語学系唯一の国家資格と言うと聞こえが良いですが、この資格は一部で「喰えない資格」であることが公然の事実となっております。喰えないとは、即ち、生活に十分なほどのお金を稼げない資格ということです。実際にはこの仕事で生計を立てている人はたくさん居るので、喰えないと言うのは言い過ぎです。というか、喰えてる人と喰えてない人が居るので、この資格をもってどちらだと割り切れるようなものではありません。この記事では、実際に通訳案内士として就業している私の視点から、この資格は本当に喰えない資格なのかを考えてみようと思います。
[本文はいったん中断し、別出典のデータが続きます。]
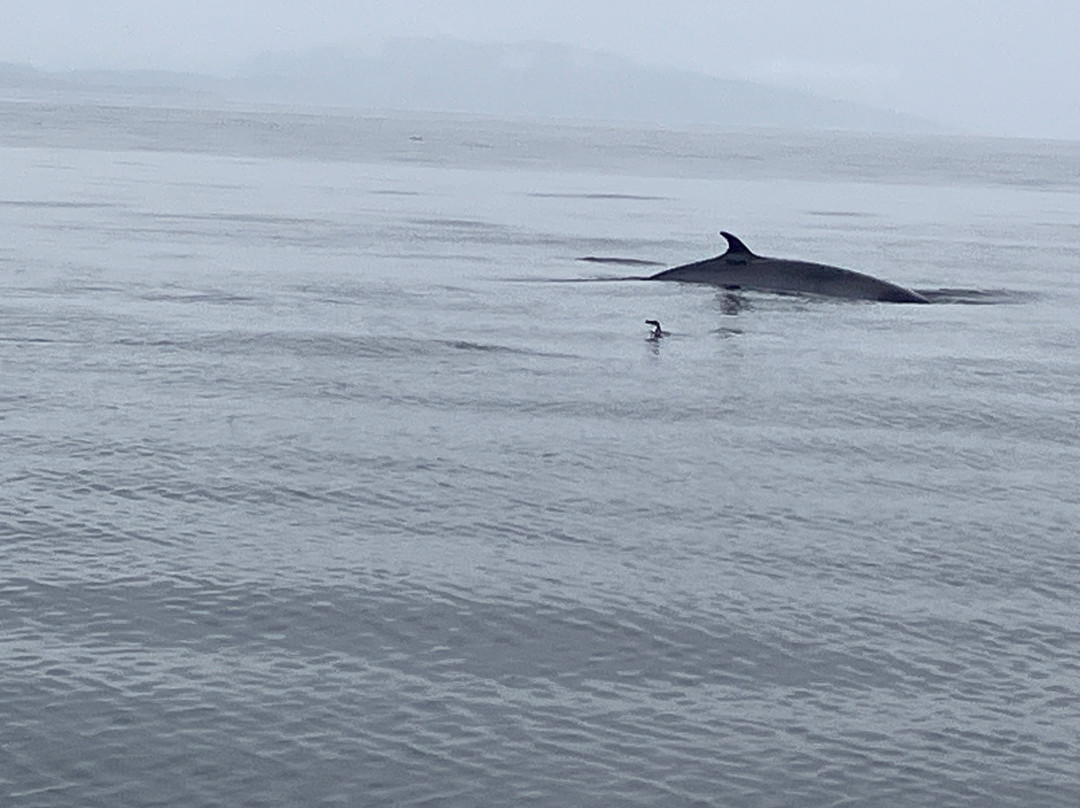 Hebridean Whale Cruises-盖尔洛赫必去景点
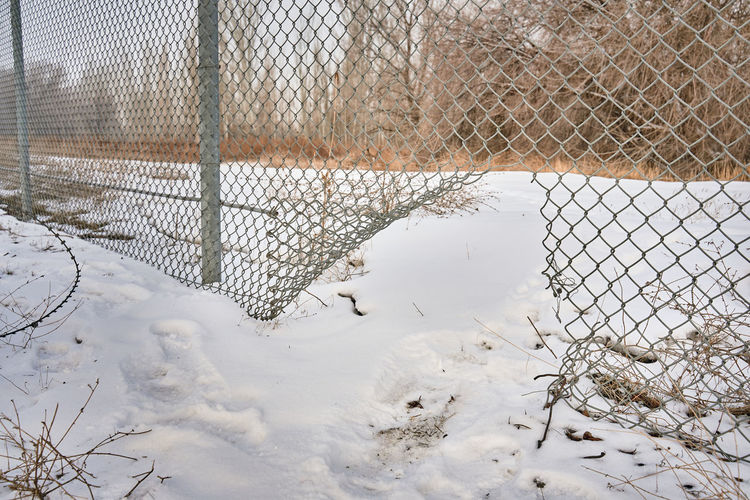 Snow covered field seen through chainlink fence
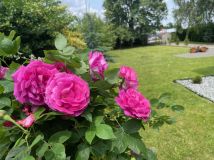 dom wolnostojący Rzeszów Załęże, ul. Załęska. Zdjęcie 3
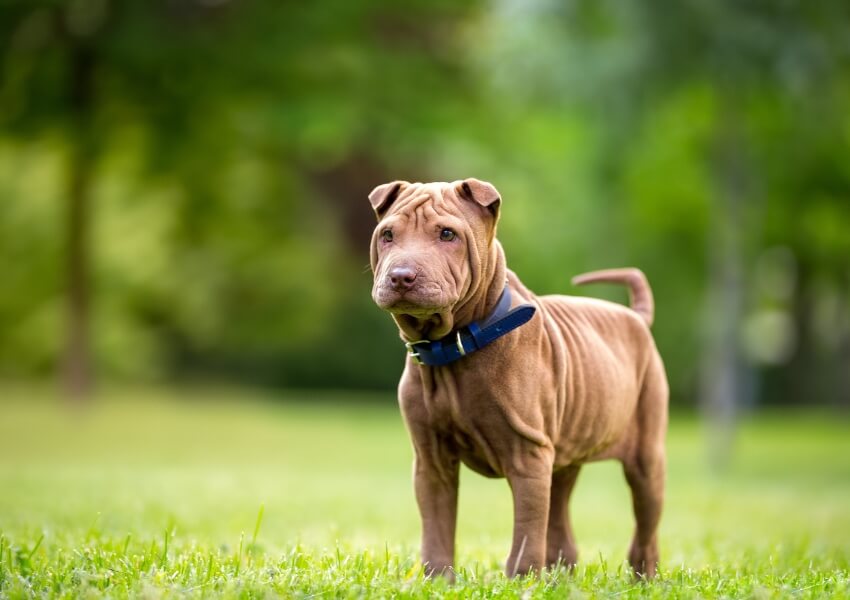 canine-piu-puzzolenti-shar-pei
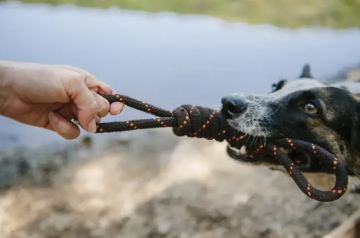 Игрушка для собак Scout & About Tug Pet Play 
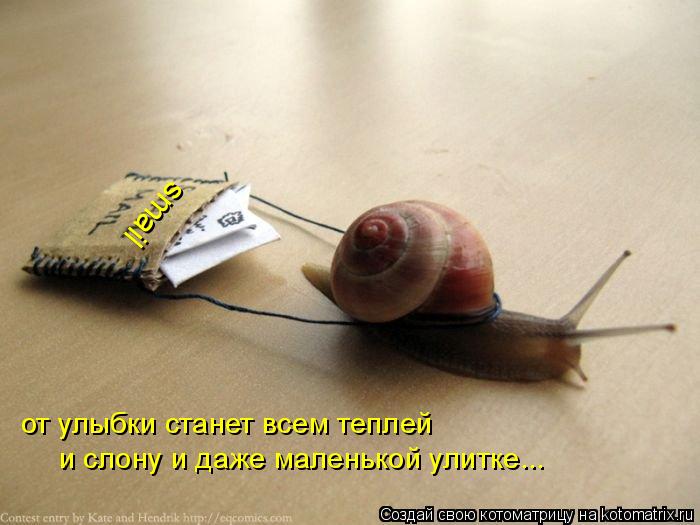 smail от улыбки станет всем теплей и слону и даже маленькой улитке...... Котоматрица: smail от улыбки станет всем теплей и слону и даже маленькой улитке...
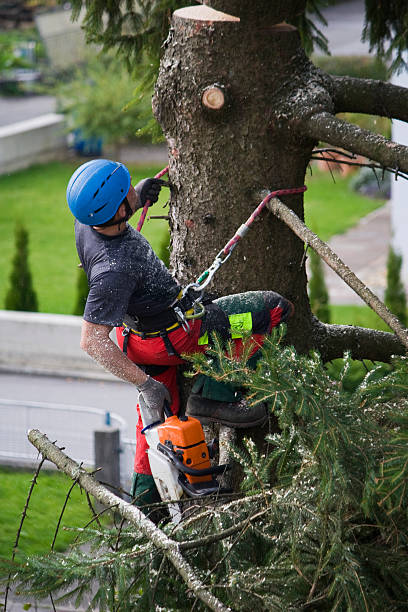 Best Tree Risk Assessment  in Burgin, KY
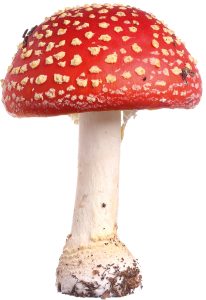صنع الزجاج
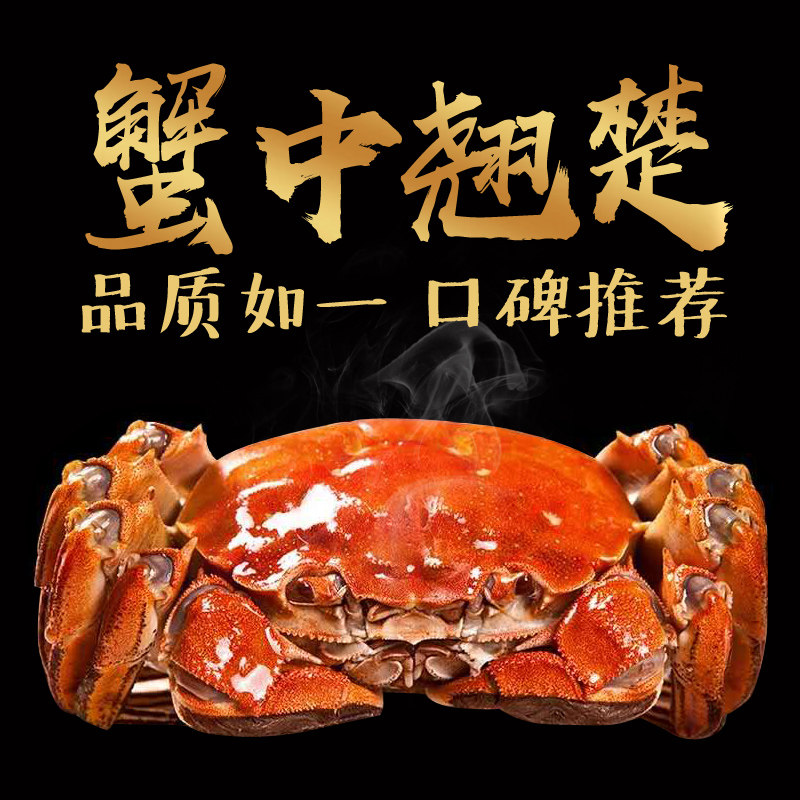 鲜活10只礼盒装大闸蟹北京闪送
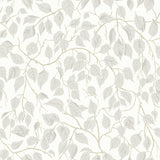 4201-20106 Hängbjörk Dove Vine Wallpaper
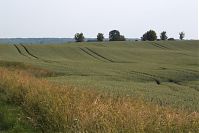 Brandenburg-Uckermark-20060625-01.jpg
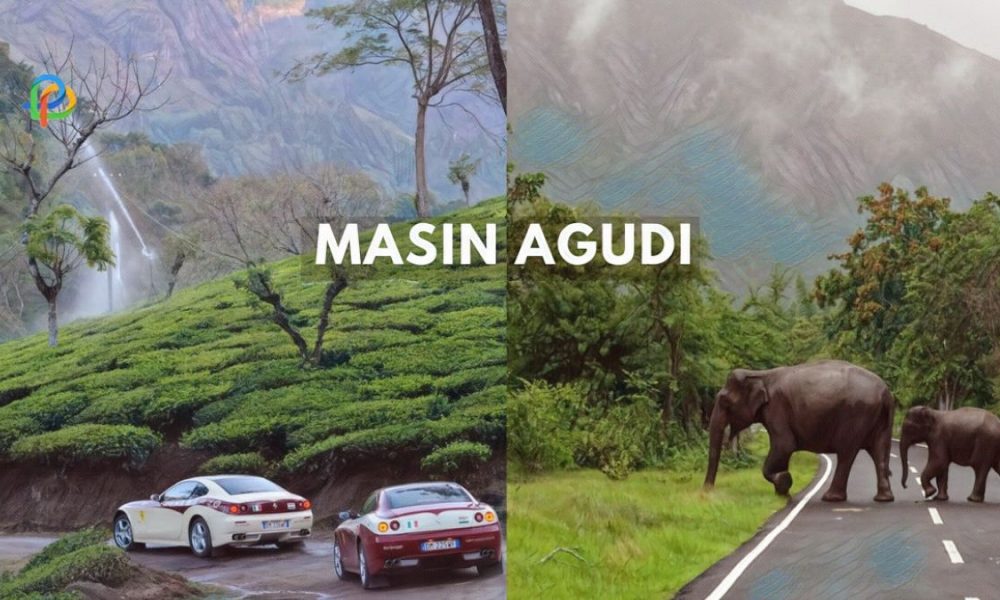 Explore Masinagudi Offbeat Paradise For Hill Station Lovers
なぜ喰えない資格だと言われるかと言うと、この資格を管轄している観光庁が行った調査で明らかになった収入の実態が元になっています。

通訳案内士の就業実態等について(平成26年12月)

最も重要なポイントは通訳ガイドとしての年収は200万円以下が約5割というデータです。年収200万円以下では、生計を成り立たせるのは厳しいですね。ただ、このデータを見る時には、注意しなければならないことがあります。

それは、そもそもその人達が、フルタイムで通訳案内士の仕事をしようとしている人なのかということです。これは私の感覚的な話なのですが、通訳案内士をしている人は、年金生活者や、主婦の方が多い印象があります。あと、このデータは通訳案内士の仕事が、何か他の仕事の副業になっているケースも含まれています。専業の人と、そもそもパートタイムでやりたい人を一緒くたに比べているから、こういうデータが出てしまうんですね。

とはいえ、フルタイムでやる気のある人がみんな喰えているかと言うと、全くもってそんなことはありません。年収200万以下が半数というのは、結果としてパートタイムになってしまっている人がたくさんいるからです。

かく言う私も、全く喰えていません(笑)初年度は貯金を使って生活してましたし、2年目は仕事も収入も増えましたが生活はほぼトントンです。私の1年目の例で言うと、ガイドとしての就業日数は30日程度しかありませんでした。他の日は、ガイド技術や、英語の勉強をしていました。日当は、会社や担当する業務によって幅があるのですが、1日働いたらだいたい2万円ぐらいでしたので(新人の料金がこれぐらいです)、年収100万も全然到達しませんね。私の仕事が少なかった理由は、田舎に住んでいたということもあります。やはり仕事は東京、京都に集中しますね。東京でしたら、お客様のお迎えなど新人向きの仕事などもあるので、稼働日数はかなり増やしやすいです。

1年目の私はとても喰えるような状況ではありませんでしたが、実際にこの仕事でどれくらい稼げるのかは、かなり人によります。実力があって、尚且つ営業も上手い人は、年収600万ぐらいはある印象がありますね。年収600万と言っても、サラリーマンとは就労形態が違うので、長期の休み等があって、サラリーマンより自由を感じられると思います。

まとめ

通訳ガイドが食えない資格と言われるのは、政府の行った調査で、通訳ガイドの約5割が年収200万円以下であることが公然の事実となったからです。しかし実際にこの仕事でどれくらい稼げるかは人によります。なので、どうやったら稼げるようになるのかを考えることが大事ですね。その方法については、別の記事で書きます。